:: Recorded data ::
=== Section Start ===
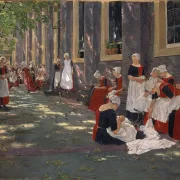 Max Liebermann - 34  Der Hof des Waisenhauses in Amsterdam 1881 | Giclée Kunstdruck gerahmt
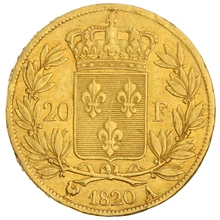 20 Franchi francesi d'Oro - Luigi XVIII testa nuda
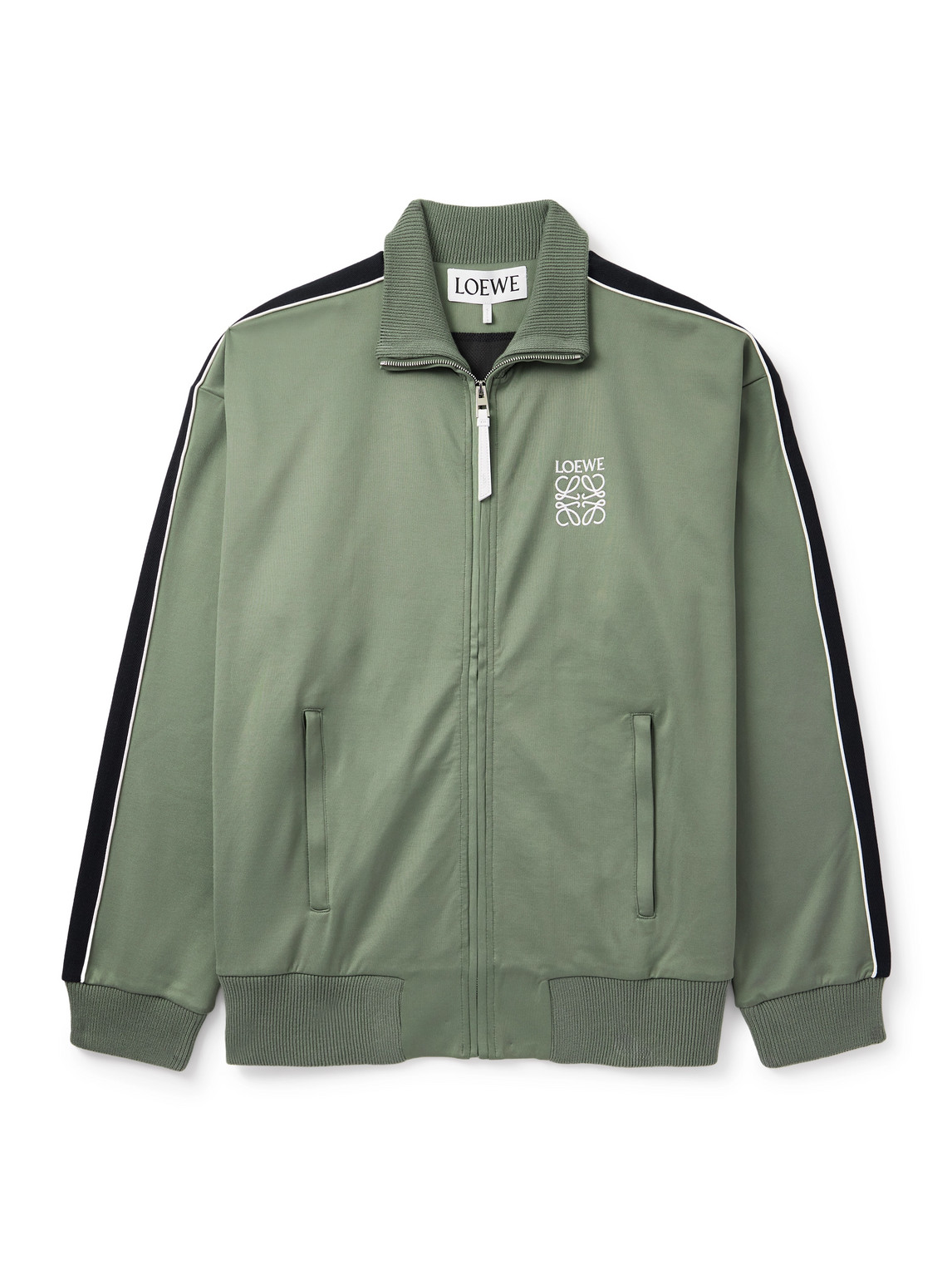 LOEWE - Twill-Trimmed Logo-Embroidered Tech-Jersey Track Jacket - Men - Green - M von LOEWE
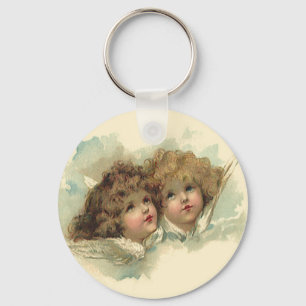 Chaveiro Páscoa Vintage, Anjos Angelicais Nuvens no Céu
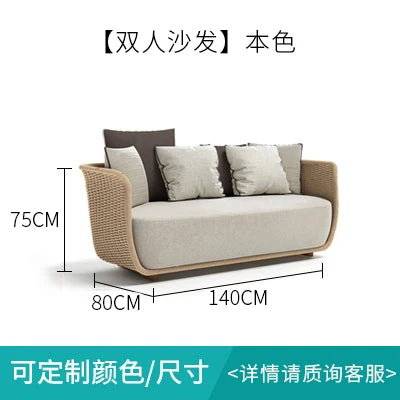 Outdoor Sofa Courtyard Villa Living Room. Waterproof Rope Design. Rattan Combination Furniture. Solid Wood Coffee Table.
=== Section End ===
:: EXERCISE INSTRUCTIONS ::
Copy every line above word for word and exclude the pictures.

:: RESULT OF THIS TASK ::
 Max Liebermann - 34  Der Hof des Waisenhauses in Amsterdam 1881 | Giclée Kunstdruck gerahmt
 20 Franchi francesi d'Oro - Luigi XVIII testa nuda
 LOEWE - Twill-Trimmed Logo-Embroidered Tech-Jersey Track Jacket - Men - Green - M von LOEWE
 Chaveiro Páscoa Vintage, Anjos Angelicais Nuvens no Céu
 Outdoor Sofa Courtyard Villa Living Room. Waterproof Rope Design. Rattan Combination Furniture. Solid Wood Coffee Table.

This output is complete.